Saturday, March 27, 2010

Honeybees are still dying

Three years ago, honeybees started disappearing in the United States and other countries. Hives that had been thriving were suddenly found to be devoid of bees. The epidemic of catastrophic bee losses is called Colony Collapse Disorder (CCD). This last winter was the worst yet for beekeepers. From the San Francisco Chronicle—

In normal times, David Hackenberg would begin trucking his 20 million honeybees from the almond orchards of California to the orange groves of Florida this week.

Instead, after a month working the almond blossoms on the West Coast, his exhausted pollinators will get some rest and relaxation in the Georgia woods before the East Coast apple blossoms summon them to work once more next month.

These are not normal times for bees, or for commercial beekeepers, so Hackenberg's pollinators will skip the citrus gig to reduce their exposure to pesticides and get some rest. "Everybody is seeing (bee) losses this winter," said Hackenberg, of Lewisburg, Pa. "This was probably the worst year ever."

More than three years after beekeepers starting seeing the sudden disappearance of hive populations, scientists have yet to find the cause — let alone the fix — for a condition called colony collapse disorder (CCD). Meanwhile, the commercial beekeeping industry is struggling to provide pollination services to the nations' farmers. One-third of food crops rely on insect pollination.

Honeybees are still dying

I first wrote about this alarming situation in The Sixth Extinction.

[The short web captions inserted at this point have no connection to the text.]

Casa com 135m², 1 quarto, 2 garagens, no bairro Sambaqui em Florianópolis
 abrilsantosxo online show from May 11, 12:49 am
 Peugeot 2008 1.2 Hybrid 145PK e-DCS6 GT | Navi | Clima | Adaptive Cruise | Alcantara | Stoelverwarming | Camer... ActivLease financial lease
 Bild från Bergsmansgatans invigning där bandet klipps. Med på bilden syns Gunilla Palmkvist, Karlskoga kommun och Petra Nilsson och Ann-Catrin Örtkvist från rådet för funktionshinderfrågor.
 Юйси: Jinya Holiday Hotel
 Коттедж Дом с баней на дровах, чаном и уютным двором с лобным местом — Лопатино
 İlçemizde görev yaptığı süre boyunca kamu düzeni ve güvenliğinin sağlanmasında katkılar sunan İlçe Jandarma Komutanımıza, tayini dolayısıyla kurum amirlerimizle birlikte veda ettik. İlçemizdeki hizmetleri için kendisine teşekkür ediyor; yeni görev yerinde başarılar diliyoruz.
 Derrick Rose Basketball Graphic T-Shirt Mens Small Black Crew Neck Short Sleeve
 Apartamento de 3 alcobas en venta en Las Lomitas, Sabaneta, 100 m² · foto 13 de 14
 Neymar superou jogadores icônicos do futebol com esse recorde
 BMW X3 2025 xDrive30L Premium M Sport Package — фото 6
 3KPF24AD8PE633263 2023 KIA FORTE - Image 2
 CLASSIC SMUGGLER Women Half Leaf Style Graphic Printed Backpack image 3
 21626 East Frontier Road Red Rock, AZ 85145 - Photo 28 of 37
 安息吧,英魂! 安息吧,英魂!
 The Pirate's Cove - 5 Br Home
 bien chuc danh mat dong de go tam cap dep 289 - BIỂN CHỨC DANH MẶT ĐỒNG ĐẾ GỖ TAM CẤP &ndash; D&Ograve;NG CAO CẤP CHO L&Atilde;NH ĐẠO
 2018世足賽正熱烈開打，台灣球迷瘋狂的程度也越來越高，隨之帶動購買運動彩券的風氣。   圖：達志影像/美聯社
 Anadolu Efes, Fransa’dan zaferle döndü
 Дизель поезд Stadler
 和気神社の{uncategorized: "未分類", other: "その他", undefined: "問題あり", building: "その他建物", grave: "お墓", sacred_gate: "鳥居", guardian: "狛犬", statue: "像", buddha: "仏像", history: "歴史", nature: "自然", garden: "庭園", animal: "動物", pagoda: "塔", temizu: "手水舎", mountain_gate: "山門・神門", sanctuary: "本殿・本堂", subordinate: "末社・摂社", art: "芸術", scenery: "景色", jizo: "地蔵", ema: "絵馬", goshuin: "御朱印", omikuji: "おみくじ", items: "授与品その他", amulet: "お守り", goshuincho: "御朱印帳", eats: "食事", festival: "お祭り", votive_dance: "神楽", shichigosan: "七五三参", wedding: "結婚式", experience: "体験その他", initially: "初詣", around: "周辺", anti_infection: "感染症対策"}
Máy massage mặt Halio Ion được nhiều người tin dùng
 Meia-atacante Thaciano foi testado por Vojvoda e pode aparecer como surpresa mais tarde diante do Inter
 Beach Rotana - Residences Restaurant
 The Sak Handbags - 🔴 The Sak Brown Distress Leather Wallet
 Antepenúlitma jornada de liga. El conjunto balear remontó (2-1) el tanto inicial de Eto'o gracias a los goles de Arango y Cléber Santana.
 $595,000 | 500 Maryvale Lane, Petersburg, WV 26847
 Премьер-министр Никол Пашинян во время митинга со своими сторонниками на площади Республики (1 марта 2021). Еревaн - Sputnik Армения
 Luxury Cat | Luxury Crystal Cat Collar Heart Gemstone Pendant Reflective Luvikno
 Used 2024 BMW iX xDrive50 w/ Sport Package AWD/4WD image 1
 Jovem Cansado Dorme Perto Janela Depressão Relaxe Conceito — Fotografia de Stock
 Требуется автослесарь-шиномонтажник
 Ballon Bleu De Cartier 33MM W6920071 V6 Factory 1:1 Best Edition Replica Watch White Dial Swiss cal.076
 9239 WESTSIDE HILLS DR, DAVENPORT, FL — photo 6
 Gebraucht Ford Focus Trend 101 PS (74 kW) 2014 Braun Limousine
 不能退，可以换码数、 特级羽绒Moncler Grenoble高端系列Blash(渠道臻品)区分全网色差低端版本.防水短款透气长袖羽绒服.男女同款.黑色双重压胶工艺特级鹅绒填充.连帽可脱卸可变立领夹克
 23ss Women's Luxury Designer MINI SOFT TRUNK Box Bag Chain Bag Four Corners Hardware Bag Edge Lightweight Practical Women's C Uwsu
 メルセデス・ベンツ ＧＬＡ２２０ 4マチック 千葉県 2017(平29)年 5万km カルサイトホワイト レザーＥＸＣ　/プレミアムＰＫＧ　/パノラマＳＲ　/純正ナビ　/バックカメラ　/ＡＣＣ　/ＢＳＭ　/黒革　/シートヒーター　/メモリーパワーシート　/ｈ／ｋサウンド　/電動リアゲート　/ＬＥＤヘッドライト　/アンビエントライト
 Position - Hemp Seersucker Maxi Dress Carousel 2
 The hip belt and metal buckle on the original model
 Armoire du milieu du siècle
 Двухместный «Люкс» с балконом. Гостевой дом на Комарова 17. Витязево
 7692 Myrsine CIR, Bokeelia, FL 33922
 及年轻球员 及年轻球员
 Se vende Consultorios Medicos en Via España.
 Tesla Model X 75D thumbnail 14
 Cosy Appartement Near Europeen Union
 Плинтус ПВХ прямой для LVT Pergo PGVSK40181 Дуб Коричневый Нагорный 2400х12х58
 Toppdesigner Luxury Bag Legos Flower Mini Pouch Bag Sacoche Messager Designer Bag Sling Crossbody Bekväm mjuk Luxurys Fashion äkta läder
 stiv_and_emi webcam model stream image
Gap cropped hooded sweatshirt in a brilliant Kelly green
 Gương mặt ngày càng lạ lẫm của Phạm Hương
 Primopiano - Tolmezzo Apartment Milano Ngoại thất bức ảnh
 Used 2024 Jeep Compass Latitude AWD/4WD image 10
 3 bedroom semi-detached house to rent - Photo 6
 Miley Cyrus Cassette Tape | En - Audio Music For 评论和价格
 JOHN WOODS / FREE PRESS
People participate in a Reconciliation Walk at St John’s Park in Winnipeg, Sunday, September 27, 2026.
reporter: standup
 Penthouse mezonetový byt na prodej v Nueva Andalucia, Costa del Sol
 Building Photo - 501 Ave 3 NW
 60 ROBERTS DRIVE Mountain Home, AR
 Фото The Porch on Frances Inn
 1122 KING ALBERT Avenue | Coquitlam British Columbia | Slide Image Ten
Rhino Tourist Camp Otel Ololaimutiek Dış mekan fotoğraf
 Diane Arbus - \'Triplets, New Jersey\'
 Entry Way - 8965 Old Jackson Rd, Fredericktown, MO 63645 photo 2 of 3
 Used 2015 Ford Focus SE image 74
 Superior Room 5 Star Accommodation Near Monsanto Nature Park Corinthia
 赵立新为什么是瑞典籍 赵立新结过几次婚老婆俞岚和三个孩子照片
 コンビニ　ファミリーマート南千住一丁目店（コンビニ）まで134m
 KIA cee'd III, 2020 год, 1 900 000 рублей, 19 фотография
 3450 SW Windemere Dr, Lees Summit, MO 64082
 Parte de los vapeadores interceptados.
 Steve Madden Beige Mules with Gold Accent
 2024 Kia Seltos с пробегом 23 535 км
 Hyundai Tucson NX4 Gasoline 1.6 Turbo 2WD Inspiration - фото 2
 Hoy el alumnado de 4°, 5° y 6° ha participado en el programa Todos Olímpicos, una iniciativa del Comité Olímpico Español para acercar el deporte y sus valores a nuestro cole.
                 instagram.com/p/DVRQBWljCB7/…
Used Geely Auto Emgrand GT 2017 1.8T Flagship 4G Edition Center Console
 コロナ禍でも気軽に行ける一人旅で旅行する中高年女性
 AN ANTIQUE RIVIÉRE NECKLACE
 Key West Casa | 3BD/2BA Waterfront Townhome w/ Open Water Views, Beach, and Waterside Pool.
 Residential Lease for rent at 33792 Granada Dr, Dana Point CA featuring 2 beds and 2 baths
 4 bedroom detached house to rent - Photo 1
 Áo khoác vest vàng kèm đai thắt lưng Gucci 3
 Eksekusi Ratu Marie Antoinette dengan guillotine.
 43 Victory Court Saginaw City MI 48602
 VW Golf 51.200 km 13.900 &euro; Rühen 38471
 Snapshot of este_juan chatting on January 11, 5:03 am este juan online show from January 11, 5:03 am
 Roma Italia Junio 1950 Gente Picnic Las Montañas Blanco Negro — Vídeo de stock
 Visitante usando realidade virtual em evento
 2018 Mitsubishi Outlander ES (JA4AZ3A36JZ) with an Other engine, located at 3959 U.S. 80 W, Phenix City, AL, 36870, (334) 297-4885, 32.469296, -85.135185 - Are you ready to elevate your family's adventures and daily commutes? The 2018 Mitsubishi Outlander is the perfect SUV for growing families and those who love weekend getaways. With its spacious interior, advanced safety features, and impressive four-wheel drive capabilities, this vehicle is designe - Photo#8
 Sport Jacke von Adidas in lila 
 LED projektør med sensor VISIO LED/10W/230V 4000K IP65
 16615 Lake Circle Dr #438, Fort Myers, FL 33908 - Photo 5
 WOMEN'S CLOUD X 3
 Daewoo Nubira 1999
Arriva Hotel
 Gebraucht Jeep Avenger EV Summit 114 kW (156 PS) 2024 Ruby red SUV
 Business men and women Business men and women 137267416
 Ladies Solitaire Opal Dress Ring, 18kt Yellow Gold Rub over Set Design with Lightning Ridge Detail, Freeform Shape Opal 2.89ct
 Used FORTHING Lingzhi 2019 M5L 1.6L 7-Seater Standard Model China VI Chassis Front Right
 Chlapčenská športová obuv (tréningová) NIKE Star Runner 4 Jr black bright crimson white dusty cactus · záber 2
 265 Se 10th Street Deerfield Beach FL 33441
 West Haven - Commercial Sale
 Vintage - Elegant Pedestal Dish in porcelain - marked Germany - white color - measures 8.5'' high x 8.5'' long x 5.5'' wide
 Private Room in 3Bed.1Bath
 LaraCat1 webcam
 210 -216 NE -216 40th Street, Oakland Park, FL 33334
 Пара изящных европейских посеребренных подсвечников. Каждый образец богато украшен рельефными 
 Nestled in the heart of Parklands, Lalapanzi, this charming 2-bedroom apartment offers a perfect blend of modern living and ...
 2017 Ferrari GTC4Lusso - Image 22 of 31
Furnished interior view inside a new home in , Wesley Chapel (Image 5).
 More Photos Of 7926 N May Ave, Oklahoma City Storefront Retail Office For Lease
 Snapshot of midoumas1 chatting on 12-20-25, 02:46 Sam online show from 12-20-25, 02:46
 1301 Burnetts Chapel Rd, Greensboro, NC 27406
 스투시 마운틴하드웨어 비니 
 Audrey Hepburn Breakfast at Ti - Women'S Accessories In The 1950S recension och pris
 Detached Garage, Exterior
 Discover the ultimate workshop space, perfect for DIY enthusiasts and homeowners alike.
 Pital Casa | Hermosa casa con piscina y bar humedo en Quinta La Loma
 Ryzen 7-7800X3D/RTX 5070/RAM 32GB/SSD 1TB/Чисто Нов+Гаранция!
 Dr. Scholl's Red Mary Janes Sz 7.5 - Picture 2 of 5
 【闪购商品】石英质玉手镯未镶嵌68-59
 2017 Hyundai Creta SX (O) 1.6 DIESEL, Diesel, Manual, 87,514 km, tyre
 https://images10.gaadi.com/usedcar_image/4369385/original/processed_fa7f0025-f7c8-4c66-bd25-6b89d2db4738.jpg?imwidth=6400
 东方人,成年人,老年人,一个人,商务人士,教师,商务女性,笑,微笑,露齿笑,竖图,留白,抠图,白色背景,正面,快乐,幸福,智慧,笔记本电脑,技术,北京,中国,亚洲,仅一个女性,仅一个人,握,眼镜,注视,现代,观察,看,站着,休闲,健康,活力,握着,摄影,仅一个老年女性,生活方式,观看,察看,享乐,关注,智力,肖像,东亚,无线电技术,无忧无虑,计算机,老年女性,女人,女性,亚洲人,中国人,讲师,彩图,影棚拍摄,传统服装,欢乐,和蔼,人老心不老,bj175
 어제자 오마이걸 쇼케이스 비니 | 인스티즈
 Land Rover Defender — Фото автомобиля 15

Probably A. mellifera [the common honeybee] will not become extinct, at least in the foreseeable future, but that’s actually begging the question, isn’t it? If there were a single, remediable cause of the honeybee die-off, the question of possible extinction would lose much of its force. We need to know why honeybees are dying.

[We] ruled out many potential causes for CCD and found many possible contributing factors. But no single culprit has been identified.Bees suffering from CCD tend to be infested with multiple pathogens, including a newly discovered virus, but these infections seem secondary or opportunistic much the way pneumonia kills a patient with AIDS. The picture now emerging is of a complex condition that can be triggered by different combinations of causes. There may be no easy remedy to CCD. It may require taking better care of the environment and making long-term changes to our beekeeping and agricultural practices.

Honeybees are dying of everything, just like AIDS sufferers with weakened immune systems. This points to environmental stress as the primary cause of the ongoing demise of A. mellifera. If we continue to degrade the environment, the stresses on bees will increase. This will further weaken the bees, which will result in more die-offs, which will increase the probability of extinction over time.

Barring extinction, honeybee population declines could easily be severe enough to preclude industrial scale pollination for the various fruits and nuts we eat.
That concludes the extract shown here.